Aqui ela registra a ausência completa de mulheres negras além dela, na Faculdade de Medicina, e destaca a quantidade mínima de mulheres naquele espaço em relação aos homens.

Eu era a única negra na Faculdade de Medicina e também a única negra na turma, porque realmente era difícil. Nós éramos uma turma de 32 alunos, nós éramos oito mulheres, mais ou menos um quarto da turma, e agora é quase 50% de mulheres.

A professora Melissa também não esquece de lembrar a dificuldade de se manter em um curso de tempo integral sem recursos econômicos. Então explica como foi conseguindo garantir sua permanência no curso: “Naquela época era tempo integral. Aí para me manter era difícil, porque não tinha trabalho, e aí com esse dinheiro que eu tinha ganhado lá da fábrica ia ajudando meu pai, sempre suprindo em alguma coisa.”

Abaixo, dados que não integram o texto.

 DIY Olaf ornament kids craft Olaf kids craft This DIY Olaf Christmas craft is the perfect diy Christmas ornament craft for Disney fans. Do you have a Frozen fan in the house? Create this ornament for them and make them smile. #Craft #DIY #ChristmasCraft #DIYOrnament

Ela declara ter sofrido na Faculdade de Medicina dos anos 1950, mais preconceito por ser mulher, do que propriamente por ser negra. Melissa explica que não chegou a perceber tanto preconceito por ser negra.

E na faculdade sofri mais discriminação, talvez mais como mulher, porque como eu disse, nós éramos poucas mulheres, mas assim como discriminação assim na minha turma eu acho que não, nunca senti, embora eu fosse a única negra, nunca senti.

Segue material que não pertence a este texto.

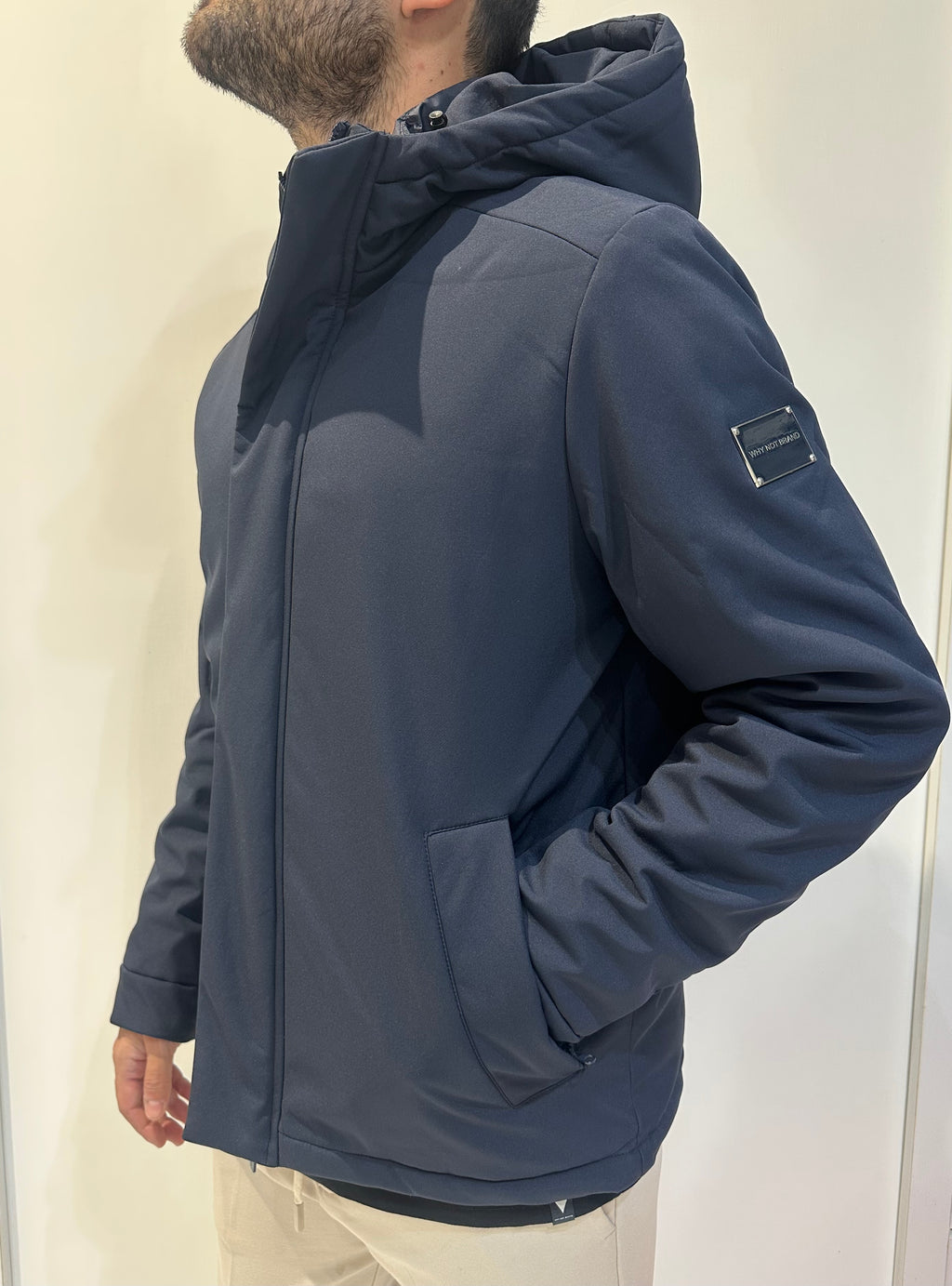 PARKA CORTO CON CAPPUCCIO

Quando eu insisti sobre ter sofrido preconceito na UFC, ela resolve contar sobre uma situação de preconceito racial experimentada por ela quando fez concurso para professor na Faculdade de Medicina. Segundo ela o seu concorrente era uma pessoa de família de elite, e não suportou o fato de uma negra ter a ousadia de concorrer com ele. Ela afirma:

Então aí foi que eu fui para professor adjunto concorrendo com ele, e ele então aonde andava ele dizia aquela negra, ele dizia assim mesmo: “Aquela negra quer concorrer comigo! Como é que pode, aquela negra! Tem uma negra aí concorrendo comigo.” Mas deixa que ele tinha feito o curso dele em São Paulo de doutorado, mas não tinha defendido a tese, e eu tinha contato lá na universidade de São Paulo. Entrei em contato e eles informaram que ele não tinha defendido a tese. Ele fez o curso todinho, mas foi embora e até agora não fez defesa de tese. Então ele não tem o título. Eu sabia que era obrigatório apresentar o título de doutor e ele não tinha. Mas ele quis amedrontar a banca. Ele dizia pra todo o mundo, pra ver se com isso me intimidava. Nessa época foi que eu me senti muito pressionada, muito pressionada mesmo! Aonde eu chegava as pessoas diziam assim: “Olha aí, o Geraldo anda dizendo por aí que não vai ganhar dele. Como é que você pode? Como é que você não se enxerga? Como é que pode concorrer com ele? Uma negra!”